Impact of Solar Derivers on Geomagnetic Field

The Sun is the most prominent feature in our solar system. It is the largest object and contains

approximately 98% of the total solar system mass. One hundred and nine Earths would

be required to fit across the Sun's disk, and its interior could hold over 1.3 million Earths. The

Sun's outer visible layer is called the photosphere and has a temperature of 6,000 C (11,000 F).

This layer has a mottled appearance due to the turbulent eruptions of energy at the

surface. Solar energy is created deep within the core of the Sun. It is here that the temperature

(15,000,000 C; 27,000,000 F) and pressure (340 billion times Earth's air pressure at sea level)

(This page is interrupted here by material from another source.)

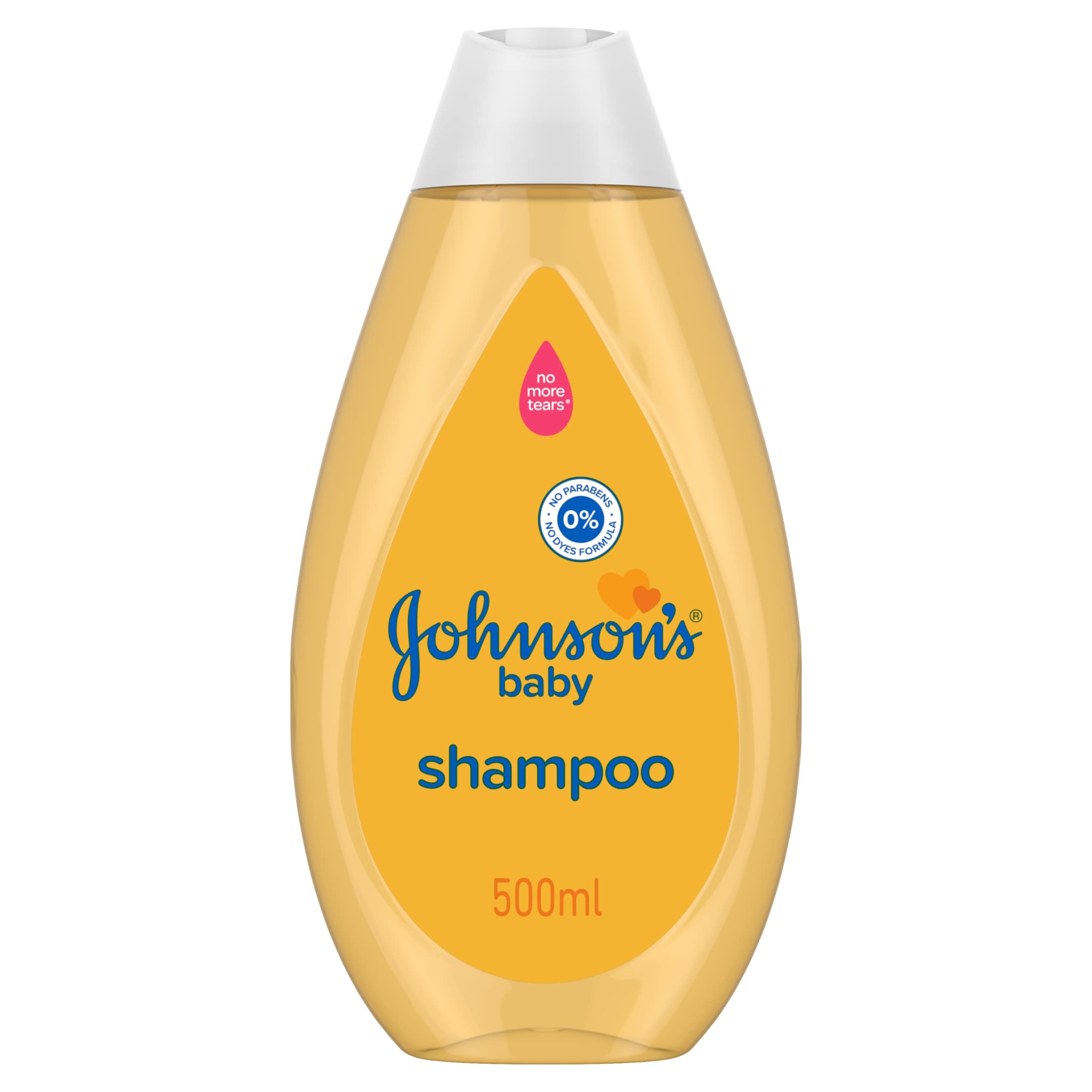 Johnson's Baby No More Tears Shampoo for Gentle Daily Care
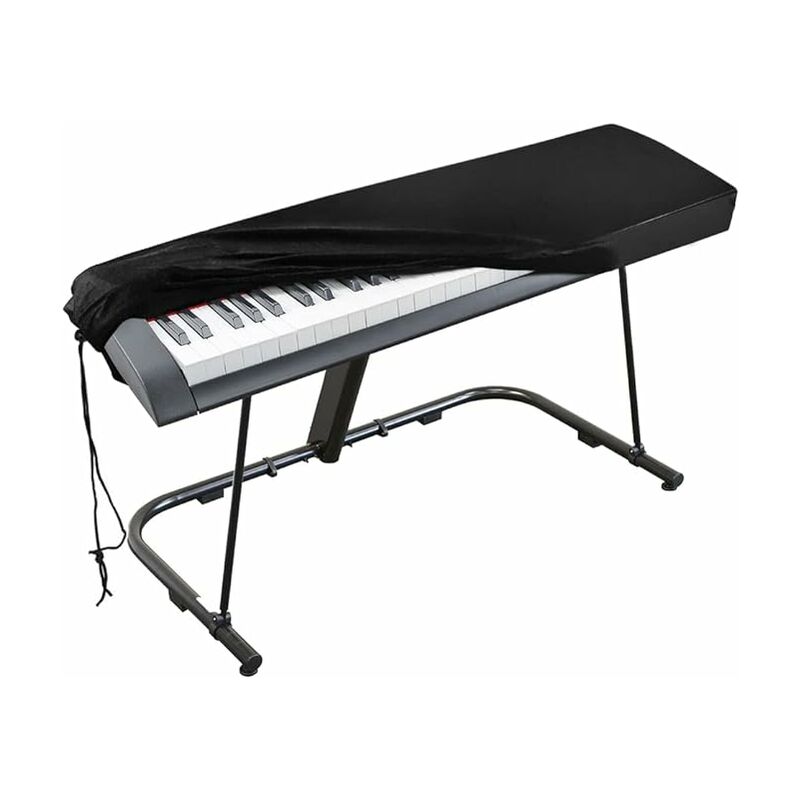 Housse de protection pour Clavier piano 76 touches, Clavier électronique Couverture anti-poussière pour Synthétiseur Piano numérique Yamaha Alesis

is so intense that nuclear reactions take place. This reaction causes four protons or

hydrogen nuclei to fuse together to form one alpha particle or helium nucleus. The alpha

particle is about 0.7 percent less massive than the four protons. The difference in mass is

expelled as energy and is carried to the surface of the Sun, through a process known as convection,

where it is released as light and heat. Energy generated in the Sun's core takes a million years to

reach its surface. The chromosphere is above the photosphere, solar energy passes through this

region on its way out from the center of the Sun. Faculae and flares arise in the chromosphere.

Faculae are bright luminous hydrogen clouds which form above regions where sunspots are about to

form. Flares are bright filaments of hot gas emerging from sunspot regions. Sunspots are dark

depressions on the photosphere with a typical temperature of 4,000 C (7,000 F). Corona is the outer part of the Sun's atmosphere. It is

in this region that prominences appear. Prominences are immense clouds of glowing gas

that erupt from the upper chromosphere. The outer region of the corona stretches far into space and

consists of particles traveling slowly away from the Sun. The corona can only be seen

during total solar eclipses.

It is a thin layer that produces the radiation transmitted into space. At this distance from the

sun, photons are more likely to escape than be absorbed. The main feature of this

region is as follows (i) height about 100 kilometers (ii) radiation temperature is about

5780 Kelvin (peak output is the center of visible light) (iii) photospheric temperature ranges

from 6600 Kelvin at the bottom to 4300 Kelvin (temperature minimum) at the top (iv) density is

about one hundred millionth of water (v) pressure is one hundredth of an atmosphere. The

photosphere is the transition from the convection zone to a convectively stable atmosphere. For

photons to freely leave the sun, the atmosphere does not have as many absorbing atoms

per unit volume. Decreasing density contributes to the transparency.